### WHAT TO DO
Output exactly the lines that run from the top of the entries to the line holding "2025 Nissan Kicks", including both of those lines.

### DATA PROVIDED

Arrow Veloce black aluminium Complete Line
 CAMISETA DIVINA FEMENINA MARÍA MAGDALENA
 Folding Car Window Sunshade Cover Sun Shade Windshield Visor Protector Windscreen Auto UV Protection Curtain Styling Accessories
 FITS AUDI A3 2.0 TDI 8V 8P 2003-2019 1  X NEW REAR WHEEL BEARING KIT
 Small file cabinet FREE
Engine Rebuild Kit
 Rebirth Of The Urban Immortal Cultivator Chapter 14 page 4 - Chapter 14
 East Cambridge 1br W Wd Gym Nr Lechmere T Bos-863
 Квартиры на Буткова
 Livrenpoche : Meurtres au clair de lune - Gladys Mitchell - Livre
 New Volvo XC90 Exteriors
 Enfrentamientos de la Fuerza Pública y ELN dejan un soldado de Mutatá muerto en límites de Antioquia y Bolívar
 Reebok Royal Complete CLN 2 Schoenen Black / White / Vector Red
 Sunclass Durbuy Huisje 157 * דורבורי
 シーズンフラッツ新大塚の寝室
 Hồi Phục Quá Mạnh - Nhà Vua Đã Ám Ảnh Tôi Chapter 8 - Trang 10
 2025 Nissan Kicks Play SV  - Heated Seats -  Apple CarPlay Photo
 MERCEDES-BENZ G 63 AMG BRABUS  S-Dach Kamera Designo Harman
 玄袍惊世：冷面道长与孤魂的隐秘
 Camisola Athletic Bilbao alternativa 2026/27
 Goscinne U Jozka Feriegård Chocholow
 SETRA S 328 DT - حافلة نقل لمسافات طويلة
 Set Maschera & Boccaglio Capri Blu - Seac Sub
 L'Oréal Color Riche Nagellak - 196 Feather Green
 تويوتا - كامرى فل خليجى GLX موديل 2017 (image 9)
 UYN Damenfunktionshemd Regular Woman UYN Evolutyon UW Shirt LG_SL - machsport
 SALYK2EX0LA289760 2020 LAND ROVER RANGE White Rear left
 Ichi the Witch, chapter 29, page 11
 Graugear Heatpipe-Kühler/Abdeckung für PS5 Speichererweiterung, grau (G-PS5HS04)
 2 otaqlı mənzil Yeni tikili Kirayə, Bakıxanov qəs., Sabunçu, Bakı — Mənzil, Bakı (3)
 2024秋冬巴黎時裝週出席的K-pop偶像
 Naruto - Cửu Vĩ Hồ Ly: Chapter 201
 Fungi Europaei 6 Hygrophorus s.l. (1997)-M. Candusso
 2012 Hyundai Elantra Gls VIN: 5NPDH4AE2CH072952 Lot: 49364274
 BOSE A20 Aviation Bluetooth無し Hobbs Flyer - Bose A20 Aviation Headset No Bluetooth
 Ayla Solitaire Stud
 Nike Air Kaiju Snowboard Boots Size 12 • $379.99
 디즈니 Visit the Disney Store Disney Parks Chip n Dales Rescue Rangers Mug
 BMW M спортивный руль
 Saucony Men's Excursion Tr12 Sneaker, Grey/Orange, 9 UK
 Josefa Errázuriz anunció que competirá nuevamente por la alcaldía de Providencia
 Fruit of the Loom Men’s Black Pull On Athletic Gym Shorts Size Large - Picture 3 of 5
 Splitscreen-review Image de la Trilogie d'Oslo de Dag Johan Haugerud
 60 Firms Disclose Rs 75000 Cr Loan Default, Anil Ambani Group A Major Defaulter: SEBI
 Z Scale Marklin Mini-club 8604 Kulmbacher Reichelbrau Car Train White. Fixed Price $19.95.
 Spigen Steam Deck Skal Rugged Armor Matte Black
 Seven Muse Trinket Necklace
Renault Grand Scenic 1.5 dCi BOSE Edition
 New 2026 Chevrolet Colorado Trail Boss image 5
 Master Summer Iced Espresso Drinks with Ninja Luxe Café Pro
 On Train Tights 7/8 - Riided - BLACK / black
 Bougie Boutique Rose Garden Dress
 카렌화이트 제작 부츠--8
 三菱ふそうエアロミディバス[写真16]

### EXERCISE ANSWER
Arrow Veloce black aluminium Complete Line
 CAMISETA DIVINA FEMENINA MARÍA MAGDALENA
 Folding Car Window Sunshade Cover Sun Shade Windshield Visor Protector Windscreen Auto UV Protection Curtain Styling Accessories
 FITS AUDI A3 2.0 TDI 8V 8P 2003-2019 1  X NEW REAR WHEEL BEARING KIT
 Small file cabinet FREE
Engine Rebuild Kit
 Rebirth Of The Urban Immortal Cultivator Chapter 14 page 4 - Chapter 14
 East Cambridge 1br W Wd Gym Nr Lechmere T Bos-863
 Квартиры на Буткова
 Livrenpoche : Meurtres au clair de lune - Gladys Mitchell - Livre
 New Volvo XC90 Exteriors
 Enfrentamientos de la Fuerza Pública y ELN dejan un soldado de Mutatá muerto en límites de Antioquia y Bolívar
 Reebok Royal Complete CLN 2 Schoenen Black / White / Vector Red
 Sunclass Durbuy Huisje 157 * דורבורי
 シーズンフラッツ新大塚の寝室
 Hồi Phục Quá Mạnh - Nhà Vua Đã Ám Ảnh Tôi Chapter 8 - Trang 10
 2025 Nissan Kicks Play SV  - Heated Seats -  Apple CarPlay Photo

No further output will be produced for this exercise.